Le salut à Kelman aurait apparemment été inspiré par l’apparition de Starmer en 2020 dans Desert Island Discs. Écoutez l’épisode en question, cependant, et vous découvrirez qu’en plus de son ‘luxe’ (un ballon de football), le futur Premier ministre a en fait choisi comme lecture non pas de la fiction existentialiste écossaise mais ‘un atlas détaillé, de préférence avec des routes maritimes’ — pour pouvoir planifier une évasion. Son affection pour A Disaffection semble découler d’une collecte de fonds du Parti travailliste à Camden en 2019, qui a mis en scène un événement façon Desert Island Discs.
Les deux listes — l’une pour ses camarades de parti locaux, l’autre pour les auditeurs de Radio 4 — révèlent d’autres divergences notables. Parmi ses choix musicaux, le concerto Emperor de Beethoven et Jim Reeves (un favori de sa mère) survivent. Mais l’amour de Starmer pour Desmond Dekker et son classique ska The Israelites et le deuxième concerto pour piano de Shostakovich — des choix vraiment intéressants — ont cédé la place dans le studio de la BBC à un clin d’œil lamentablement prévisible pour Three Lions des Lightning Seeds.

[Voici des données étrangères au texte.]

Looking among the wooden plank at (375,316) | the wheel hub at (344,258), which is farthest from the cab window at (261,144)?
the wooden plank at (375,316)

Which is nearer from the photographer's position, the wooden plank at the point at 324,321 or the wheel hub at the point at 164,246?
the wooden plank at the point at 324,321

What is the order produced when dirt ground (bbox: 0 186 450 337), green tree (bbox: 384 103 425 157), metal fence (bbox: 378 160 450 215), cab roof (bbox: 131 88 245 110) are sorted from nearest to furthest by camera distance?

Ainsi, le verdict sur James Kelman de 10 Downing Street reste — comme pour beaucoup de choses concernant son nouveau titulaire — une affaire de spéculation. Mais si Starmer comprend et apprécie le romancier, nouvelliste et activiste social de 78 ans, tant mieux pour lui. Toutefois, un piège facile se profile, qu’il serait sage d’éviter. Kelman est célèbre pour être un socialiste radical et internationaliste, bien qu’avec une tendance farouchement anti-étatique, voire anarchiste. Dans des œuvres telles que le lauréat du Booker How Late It Was, How Late, il déploie le vernaculaire abrasif et profane de l’ouest de l’Écosse pour exprimer la douleur et la rage des pauvres écrasés par un pouvoir démesuré. Et Starmer est — eh bien, nous savons ce qu’il est, en termes politiques sinon personnels. Kelman, dont le protagoniste de son dernier roman s’en prend aux ‘enfoirés élitistes, racistes, monarchistes et aux salauds impérialistes’, a montré sur les cinq décennies de son œuvre publiée un respect inférieur à zéro pour les avocats londoniens, les politiciens travaillistes ou les hauts fonctionnaires du Royaume-Uni. Starmer coche soigneusement chaque case.
L’apparatchik centriste fade aimerait donc le dur gauchiste à la langue bien pendue qui l’étoufferait volontiers avec sa propre paperasserie rouge ? Retenons nos sarcasmes un instant. Ce qui importe, ce ne sont pas les positions notionnelles de Starmer et Kelman sur le spectre du rose clair au rouge profond, mais la rare capacité du romancier à discuter de la vie intérieure des personnes ‘laissées pour compte’ sur les questions d’argent, de statut et de pouvoir de grâce, de profondeur, voire de grandeur. Tous les politiciens devraient tenir compte d’un tel don. Kelman n’est pas seulement un polémiste et un militant — courageux et obstiné, par exemple, dans son soutien aux victimes de l’empoisonnement à l’amiante sur le lieu de travail — mais un artiste littéraire profondément sérieux. Disciple des géants de l’innovation linguistique et visionnaire de la littérature moderne (Samuel Beckett, Franz Kafka, Albert Camus, Knut Hamsun), il investit la vie, la pensée et la parole de la classe ouvrière de l’Écosse post-industrielle avec toute la nuance, l’ampleur et la subtilité que Marcel Proust attribuait aux aristocrates parisiens ou que Virginia Woolf attribuait à la bourgeoisie de Bloomsbury.